==== Supplied entries ====
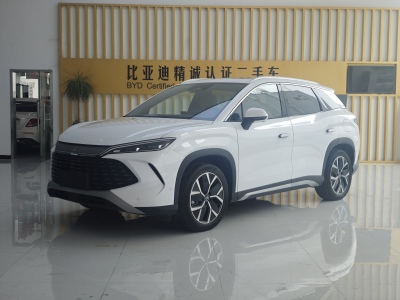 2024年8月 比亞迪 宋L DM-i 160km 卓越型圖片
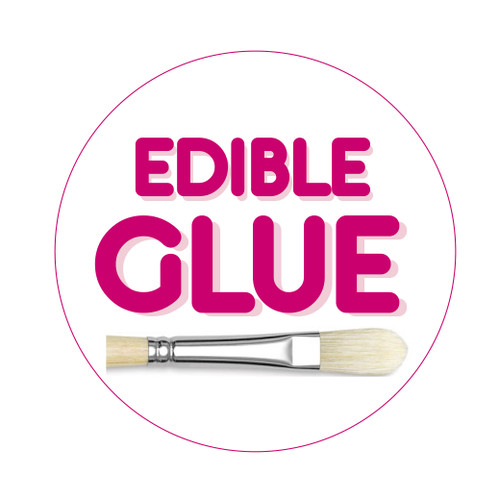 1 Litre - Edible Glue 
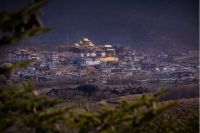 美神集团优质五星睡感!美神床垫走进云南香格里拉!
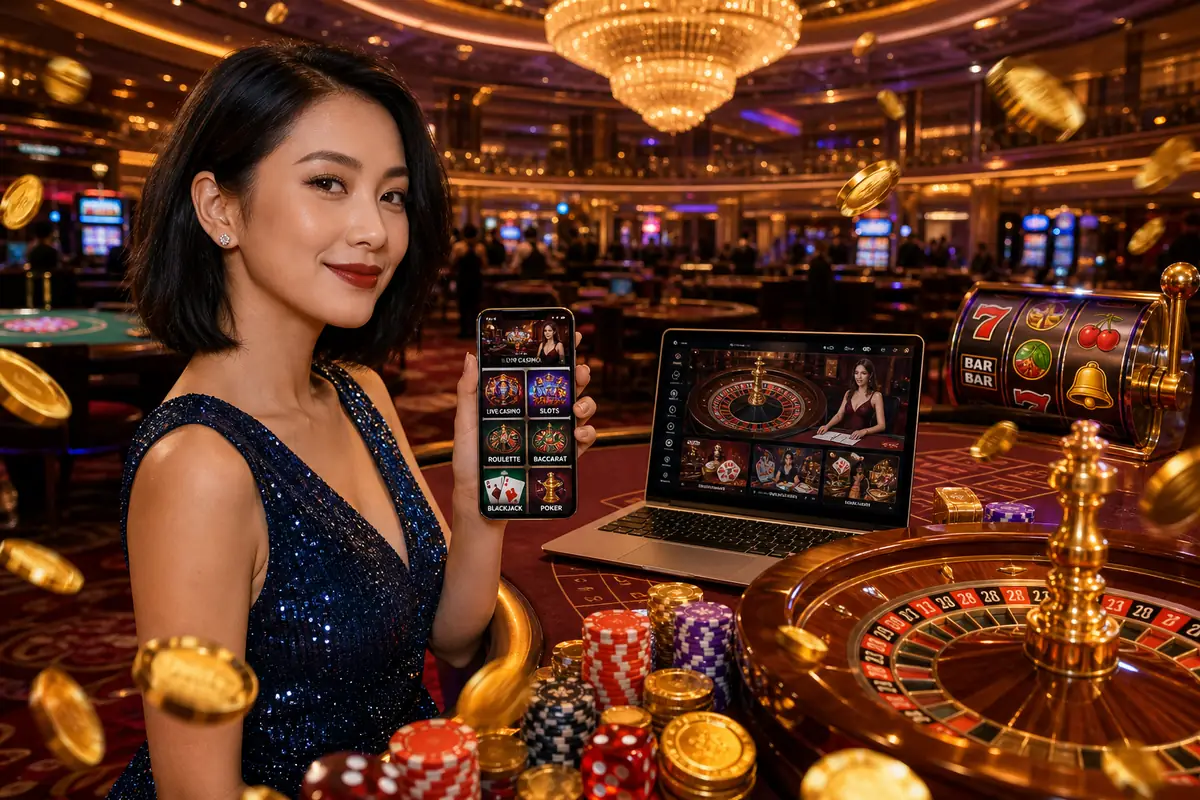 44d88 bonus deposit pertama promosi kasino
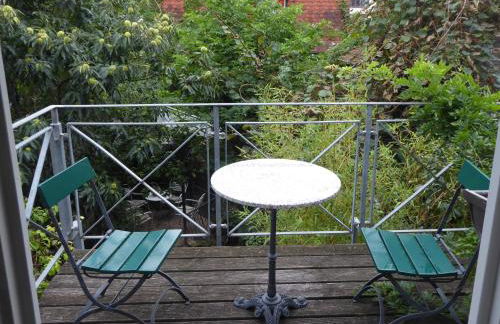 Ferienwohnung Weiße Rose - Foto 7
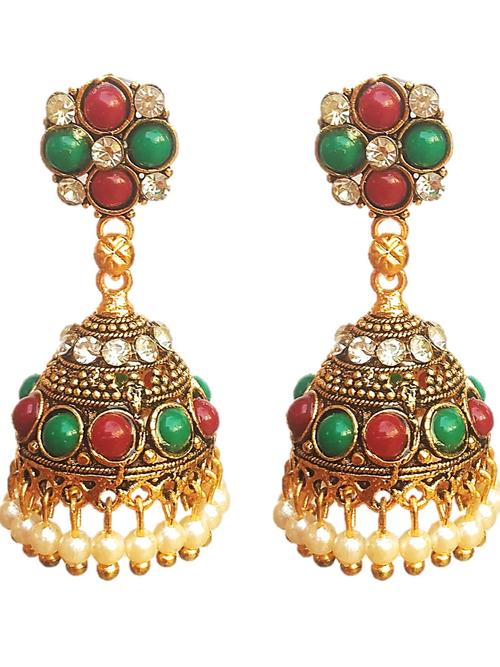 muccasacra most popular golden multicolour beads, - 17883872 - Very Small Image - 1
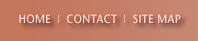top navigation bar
====
▶ [Assignment] Leaving aside every picture, transcribe exactly the lines that run from the one with "44d88 bonus deposit pertama promosi kasino" to the close of the listing above.

▶ [Completed exercise]
 44d88 bonus deposit pertama promosi kasino
 Ferienwohnung Weiße Rose - Foto 7
 muccasacra most popular golden multicolour beads, - 17883872 - Very Small Image - 1
top navigation bar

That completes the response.